After meeting Bill (Pearl Mackie) and making her his new companion The Doctor (Peter Capaldi) takes the young woman on of her first off-world adventure and like Rose, Amy and Clara before her Bill chooses to go to the future.
On a planet that Humans are trying to colonise The Doctor and Bill finds a city filled with robots that communicate with emojis but no people. It’s up to the pair to figure out what happened to the humans and the reason why before the rest of the human colonists arrive.
This was an episode I was worried about before it was broadcast because it seemed like it was trying to be a satire on an aspect of modern youth culture that would lead to the episode aging incredibly quickly. Despite this fear, the emoji speaking robots actually come across as sweet and threatening when the time requires and are a fun one-time monster.
The episode’s ideas of robots communicating with emoji and monitoring people with a happiness index gives ‘Smile’ a satirical edge and it could have worked as a Black Mirror episode. Black Mirror tackles themes involving modern technology – so easily can have a theme about the devolution of language and can tap into real life issues regarding governments around the world are introducing happiness indexes to see how well their citizens are. ‘Smile’ takes the concept of a happiness index to its extremes: to ensure 100% happiness just kill all unhappy people.
Whilst ‘Smile’ has some substance regarding its theme it does have a cop-out of an ending to give the episode a clean restoration.

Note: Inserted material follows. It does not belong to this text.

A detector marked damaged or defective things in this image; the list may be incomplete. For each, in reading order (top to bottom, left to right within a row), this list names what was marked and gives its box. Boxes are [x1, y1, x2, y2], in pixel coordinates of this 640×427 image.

The episode is itself a rehash of ideas from previous adventures. ‘Smile’ has the robots who misunderstand their own programming – like the robots in ‘The Girl in the Fireplace’ and the killer robots with pleasure façade that control an abandoned futuristic city are like the ones in the underrated ‘The Girl Who Waited’.

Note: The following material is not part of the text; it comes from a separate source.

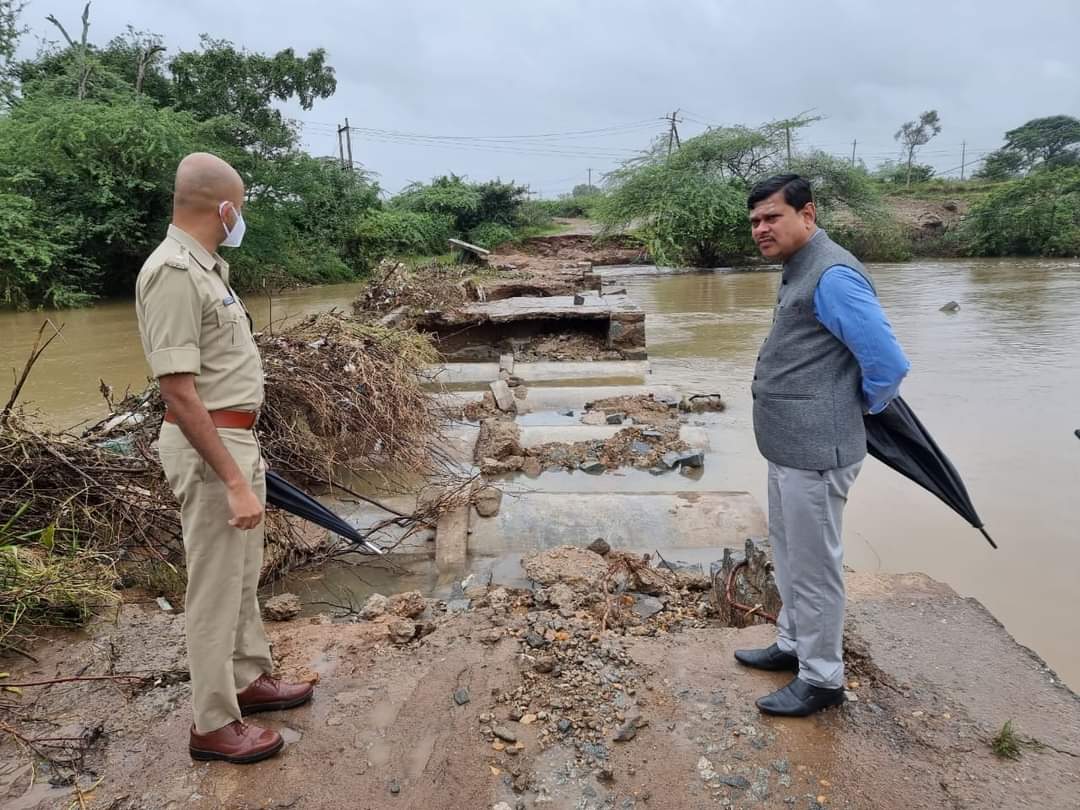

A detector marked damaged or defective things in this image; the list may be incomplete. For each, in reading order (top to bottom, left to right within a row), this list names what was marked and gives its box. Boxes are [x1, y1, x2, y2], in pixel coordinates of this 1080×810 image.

‘Smile’ borrows most heavily from ‘The Beast Below’ – Matt Smith and Karen Gillan’s second episode. Both ‘Smile’ and ‘The Beast Below’ are the companions first trip in the TARDIS and both adventures are set in a future where humanity has to abandon Earth because of some sort of disaster. Both episodes even have a joke about Scottish independence and both end with a hook where The Doctor and the companion have to go on their next adventure straight away.

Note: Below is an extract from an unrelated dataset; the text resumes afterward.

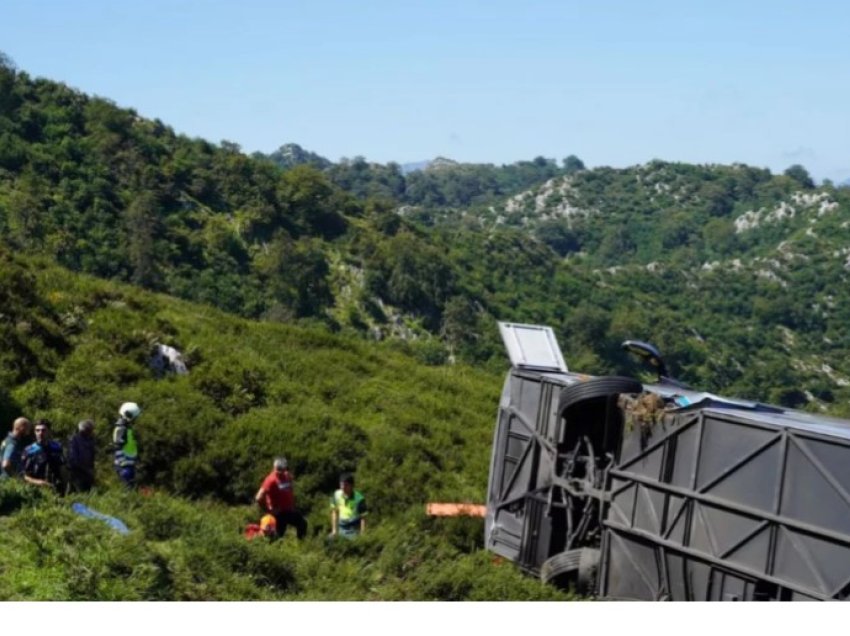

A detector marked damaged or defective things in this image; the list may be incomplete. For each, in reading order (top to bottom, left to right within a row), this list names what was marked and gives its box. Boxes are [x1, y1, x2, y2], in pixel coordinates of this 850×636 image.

overturned bus [486, 322, 848, 600]
damaged vehicle [486, 322, 850, 600]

Like ‘The Pilot’ which acted as a soft reboot of the series, ‘Smile’ reintroduces facts about The Doctor like the fact he has two hearts as well as getting to know Bill a bit more: she shows off her geeky side like referencing to Mr. Fantastic. She is more relatable then Clara who was made to be the most important person in the universe.
‘Smile’ is a solid Doctor Who episode, a simple and enjoyable story that has a satirical edge which outweighs the repeated story ideas and rushed ending.